Your copy should repeat the data that follows exactly and contain no image.

____

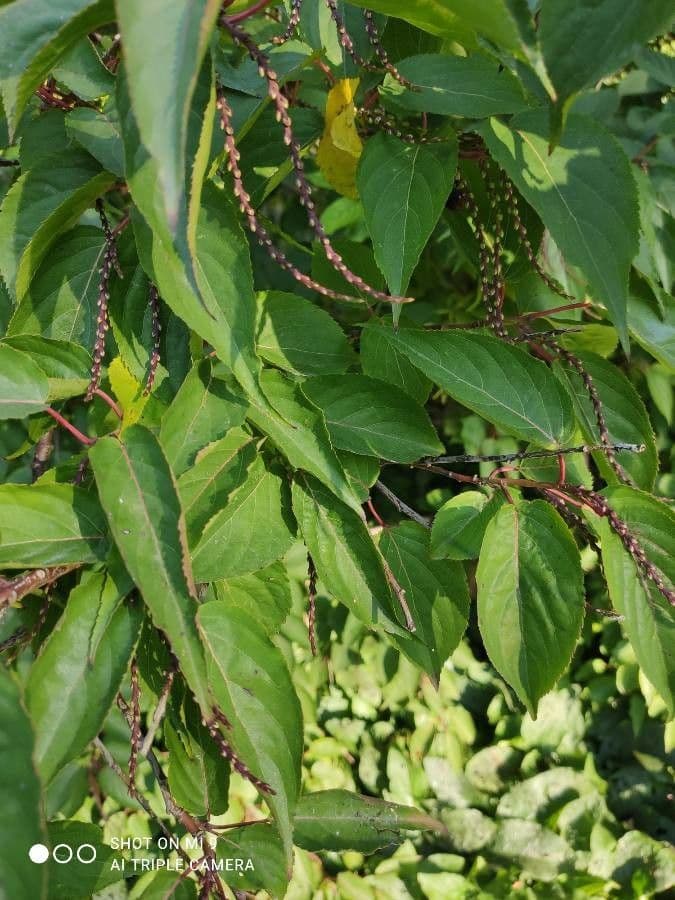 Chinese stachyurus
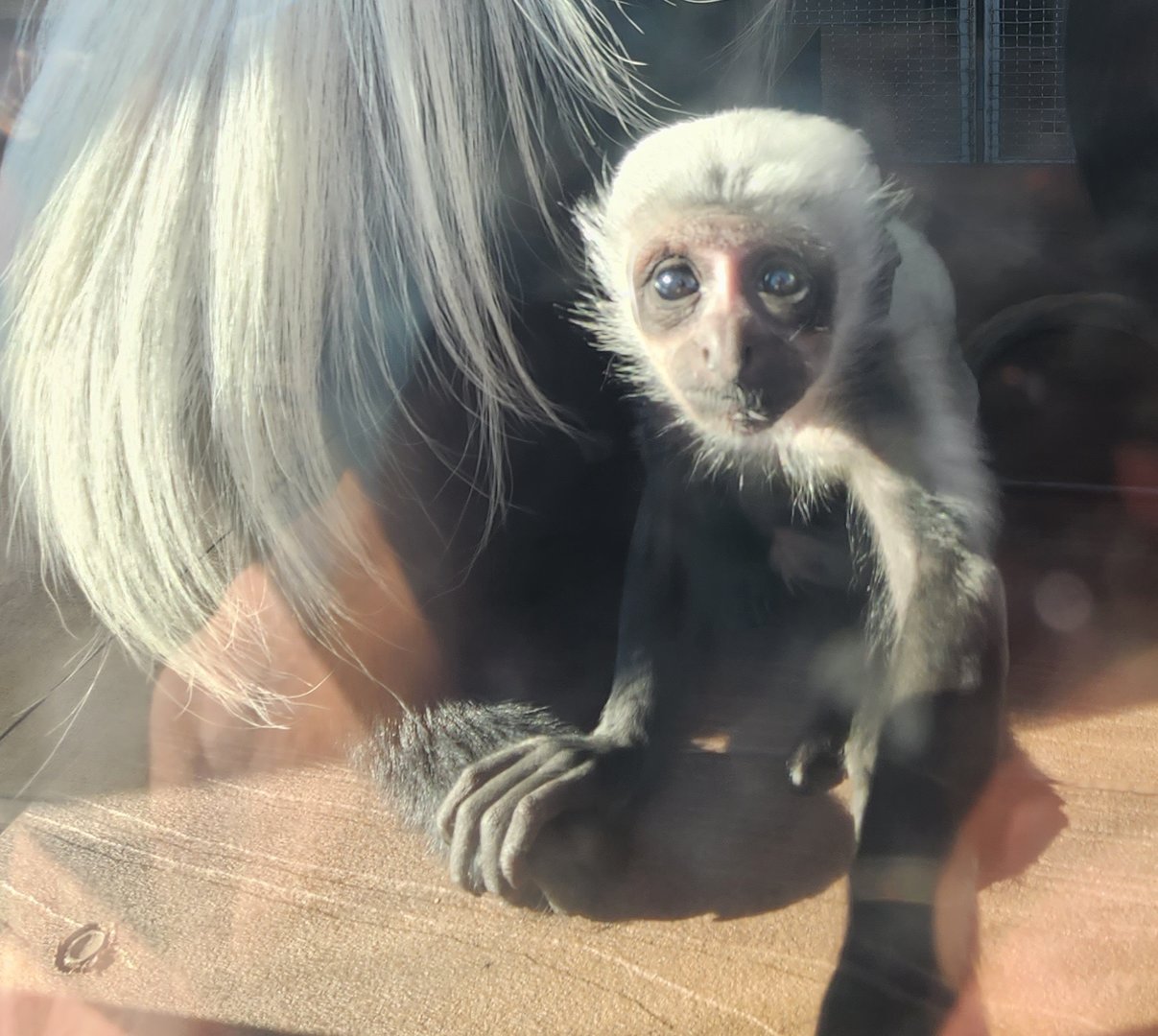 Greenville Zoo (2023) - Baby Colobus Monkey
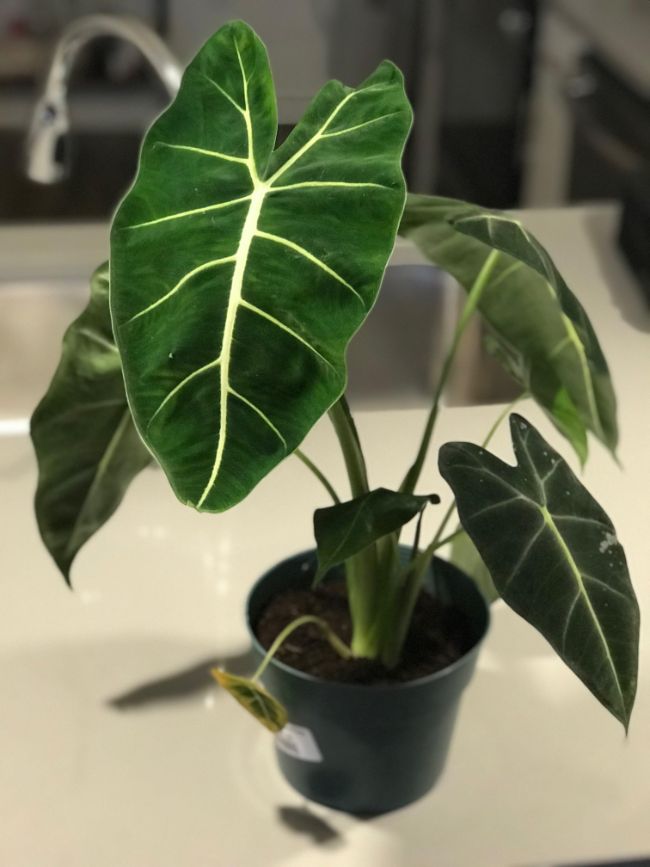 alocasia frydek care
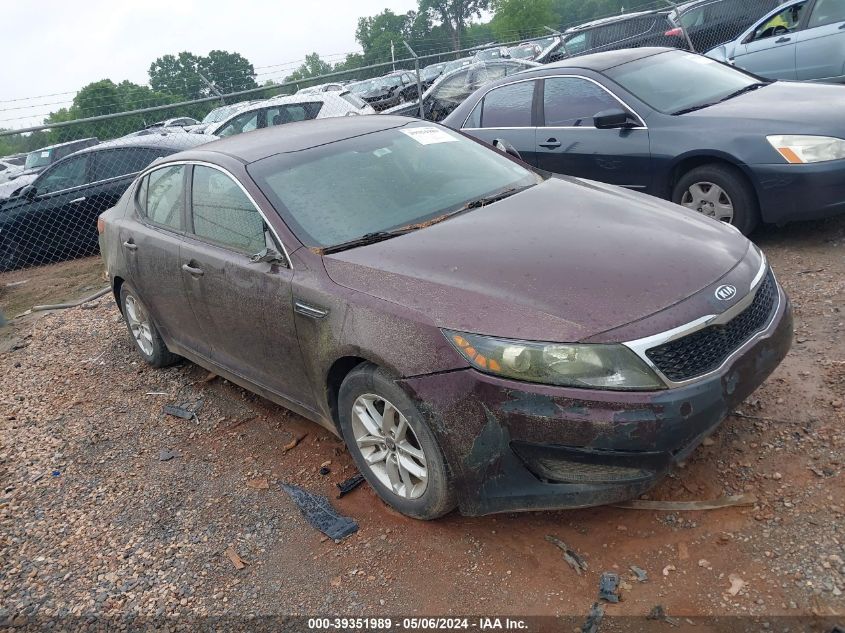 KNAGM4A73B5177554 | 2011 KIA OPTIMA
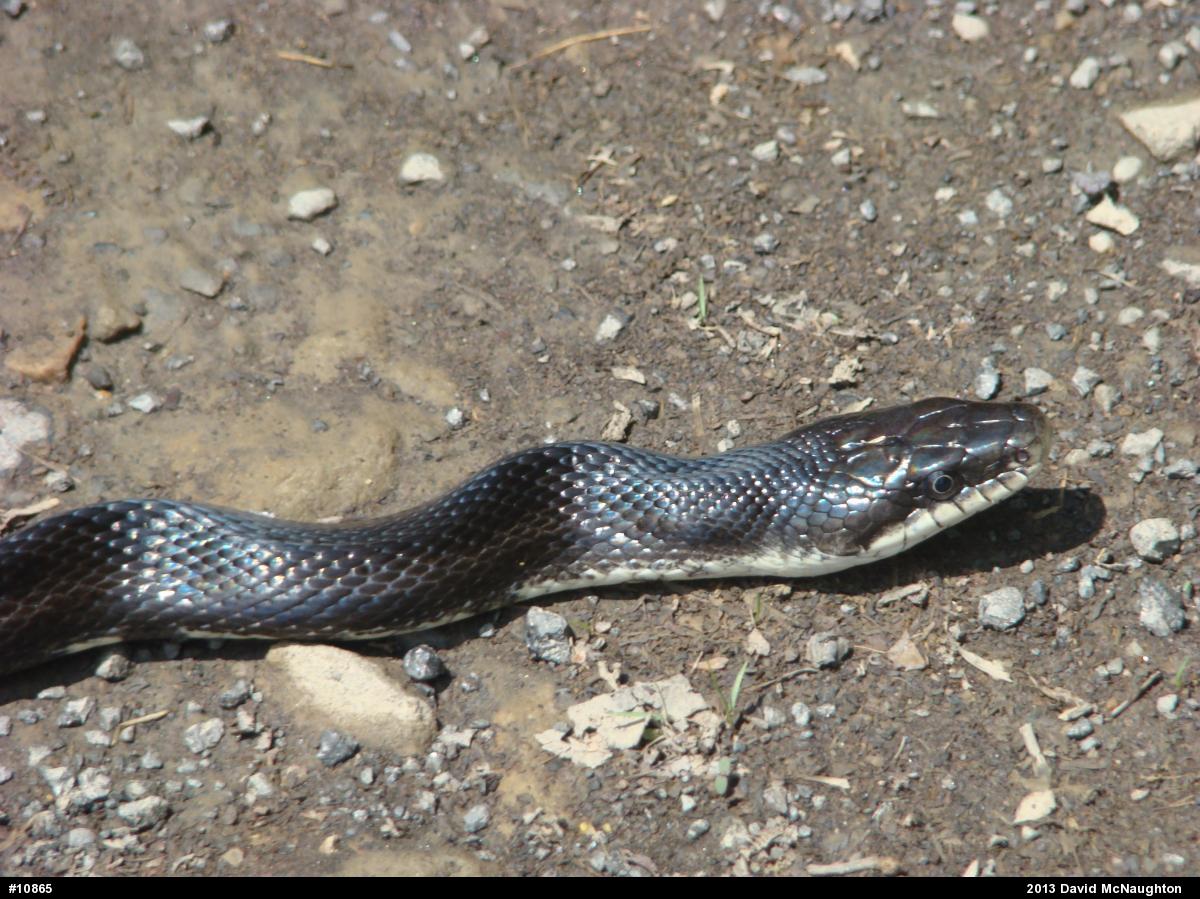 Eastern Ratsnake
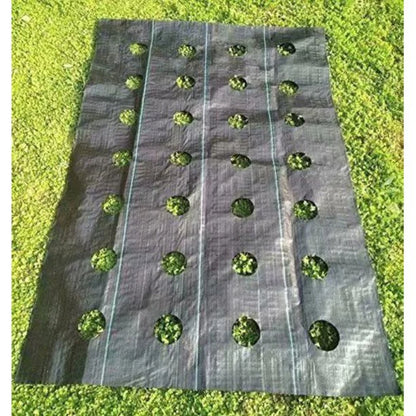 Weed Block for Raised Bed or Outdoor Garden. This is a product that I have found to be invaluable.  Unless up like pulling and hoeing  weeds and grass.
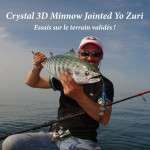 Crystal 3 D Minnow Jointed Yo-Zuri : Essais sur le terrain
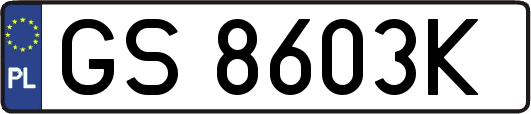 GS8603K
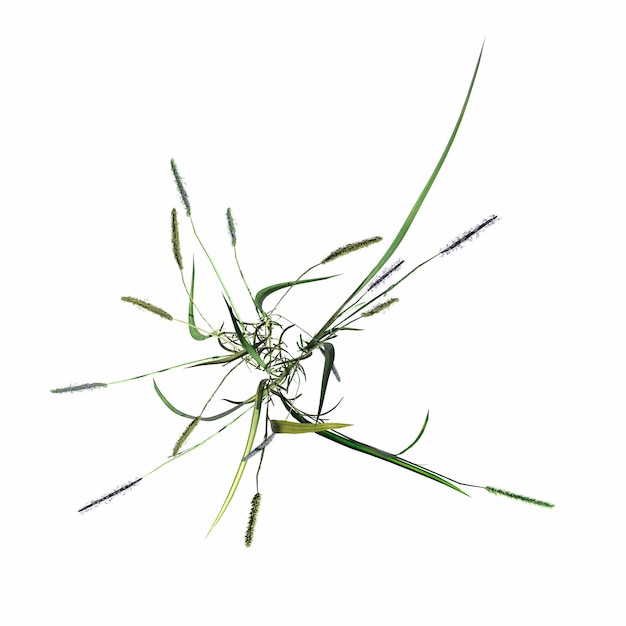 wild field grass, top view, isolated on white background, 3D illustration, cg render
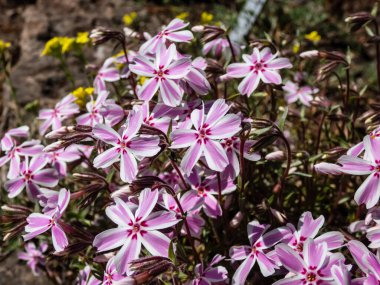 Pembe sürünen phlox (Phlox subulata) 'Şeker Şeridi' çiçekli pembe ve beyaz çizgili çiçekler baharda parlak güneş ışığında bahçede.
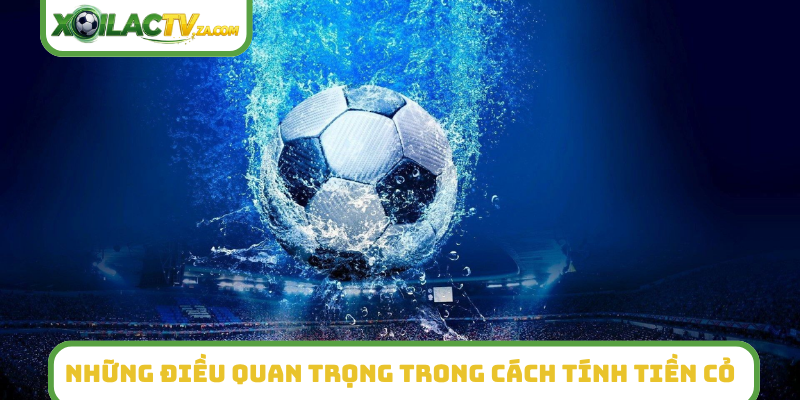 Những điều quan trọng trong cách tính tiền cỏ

____

RESPONSE ▸
 Chinese stachyurus
 Greenville Zoo (2023) - Baby Colobus Monkey
 alocasia frydek care
 KNAGM4A73B5177554 | 2011 KIA OPTIMA
 Eastern Ratsnake
 Weed Block for Raised Bed or Outdoor Garden. This is a product that I have found to be invaluable.  Unless up like pulling and hoeing  weeds and grass.
 Crystal 3 D Minnow Jointed Yo-Zuri : Essais sur le terrain
 GS8603K
 wild field grass, top view, isolated on white background, 3D illustration, cg render
 Pembe sürünen phlox (Phlox subulata) 'Şeker Şeridi' çiçekli pembe ve beyaz çizgili çiçekler baharda parlak güneş ışığında bahçede.
 Những điều quan trọng trong cách tính tiền cỏ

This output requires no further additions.